- Opening Delimiter -
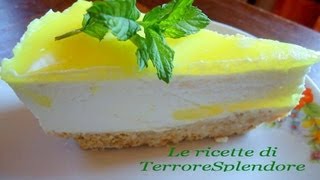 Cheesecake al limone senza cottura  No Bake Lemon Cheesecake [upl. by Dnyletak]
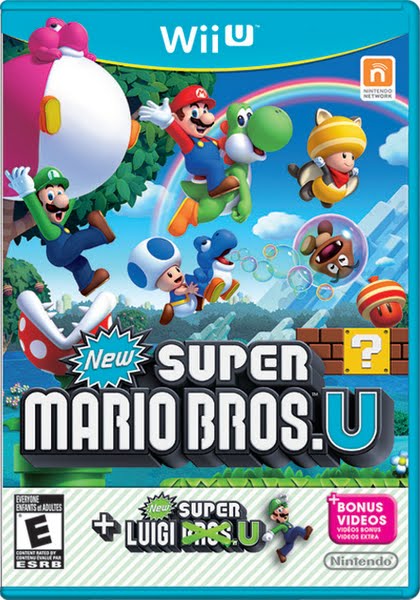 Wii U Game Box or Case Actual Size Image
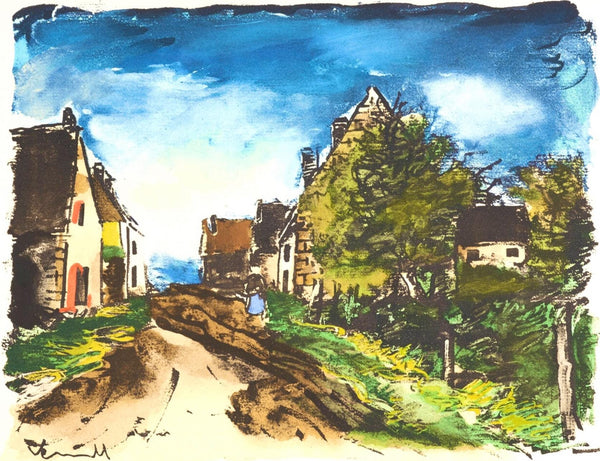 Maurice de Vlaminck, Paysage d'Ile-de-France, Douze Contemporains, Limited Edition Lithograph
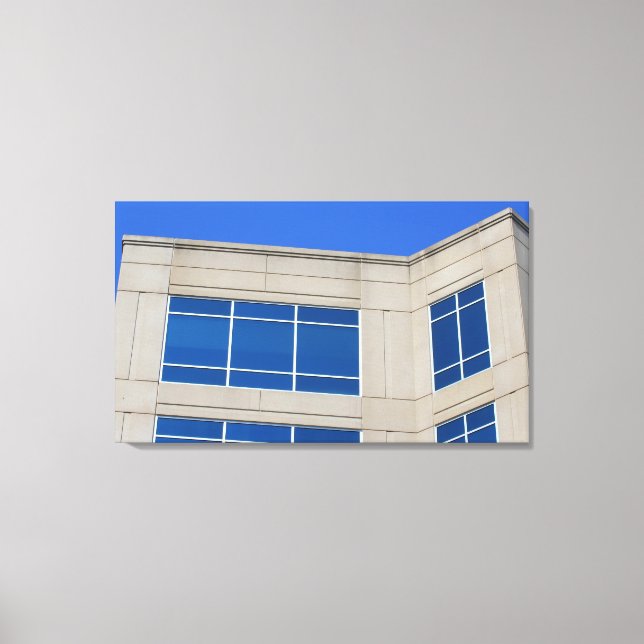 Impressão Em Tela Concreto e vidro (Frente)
- Closing Delimiter -
- Opening Delimiter -
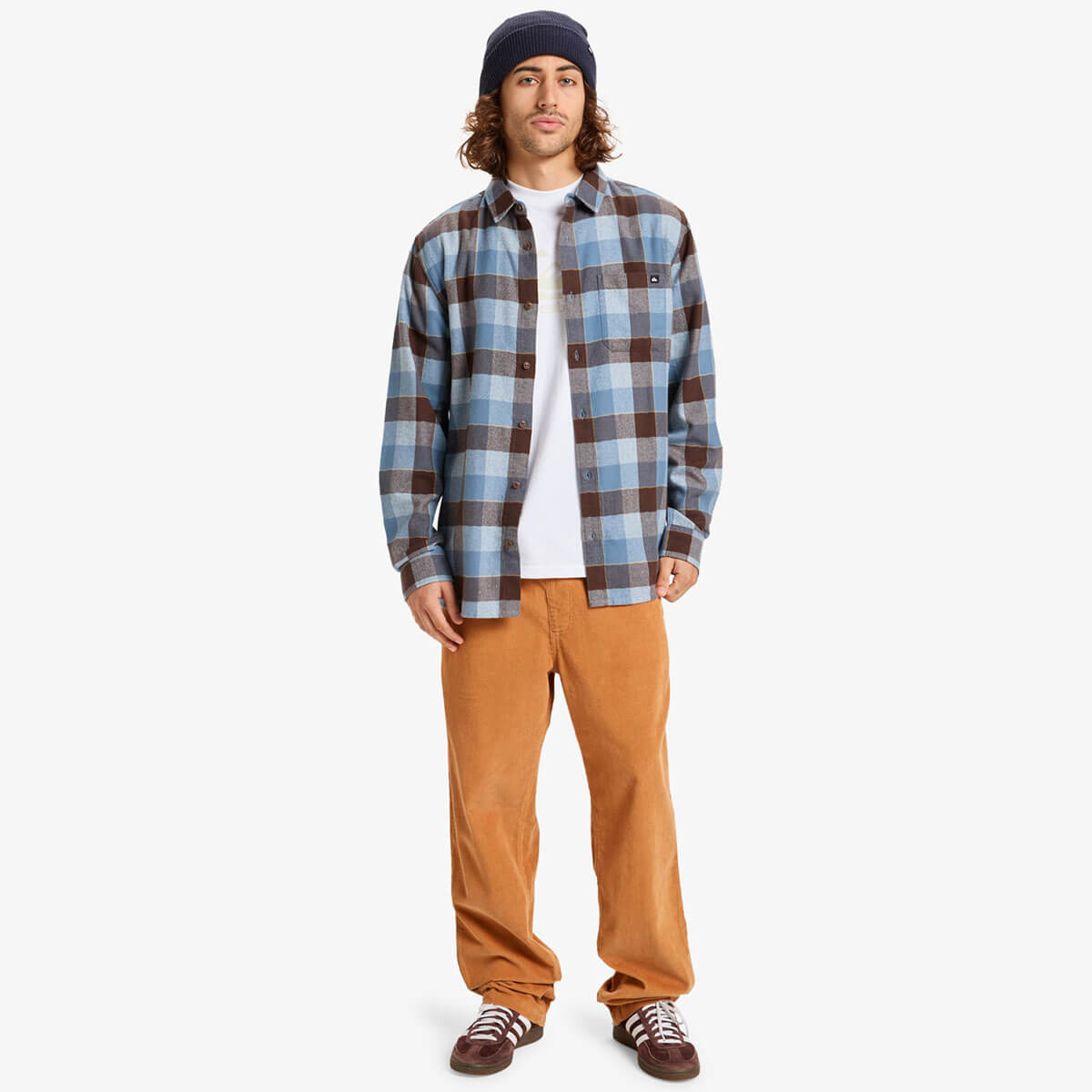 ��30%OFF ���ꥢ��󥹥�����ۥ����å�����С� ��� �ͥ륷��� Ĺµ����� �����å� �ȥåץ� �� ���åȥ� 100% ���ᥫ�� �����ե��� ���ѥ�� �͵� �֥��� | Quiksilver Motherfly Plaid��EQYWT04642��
- Closing Delimiter -
- Opening Delimiter -
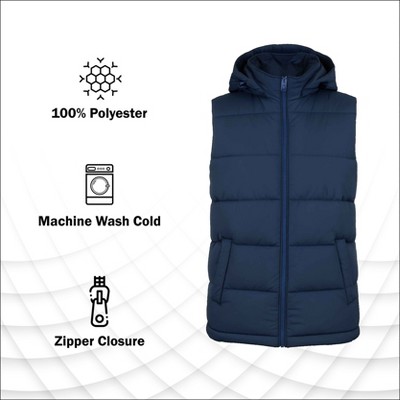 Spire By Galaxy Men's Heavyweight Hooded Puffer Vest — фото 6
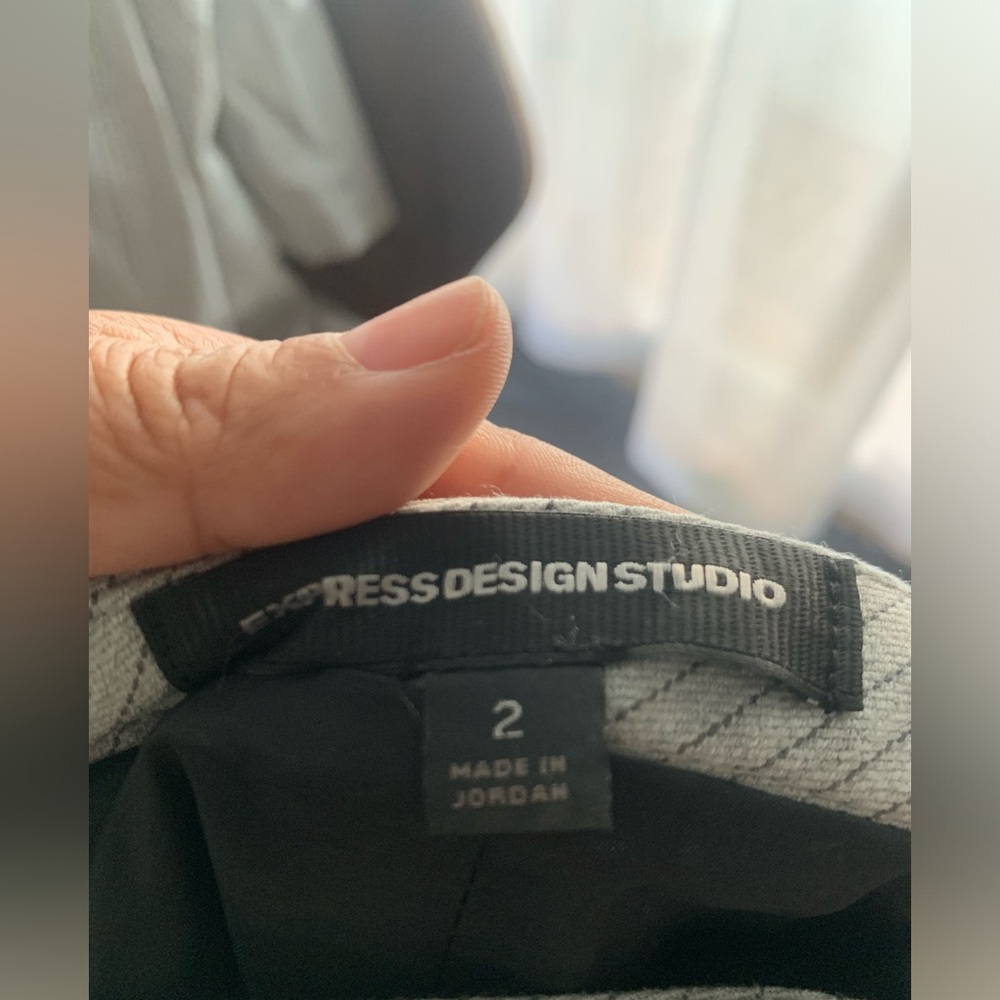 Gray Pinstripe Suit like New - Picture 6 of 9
- Closing Delimiter -
Return, exactly as they stand, the lines above from the one with "Cheesecake al limone" to the one with "Impressão Em Tela Concreto e vidro (Frente)", omitting any pictures among them.

 Cheesecake al limone senza cottura  No Bake Lemon Cheesecake [upl. by Dnyletak]
 Wii U Game Box or Case Actual Size Image
 Maurice de Vlaminck, Paysage d'Ile-de-France, Douze Contemporains, Limited Edition Lithograph
 Impressão Em Tela Concreto e vidro (Frente)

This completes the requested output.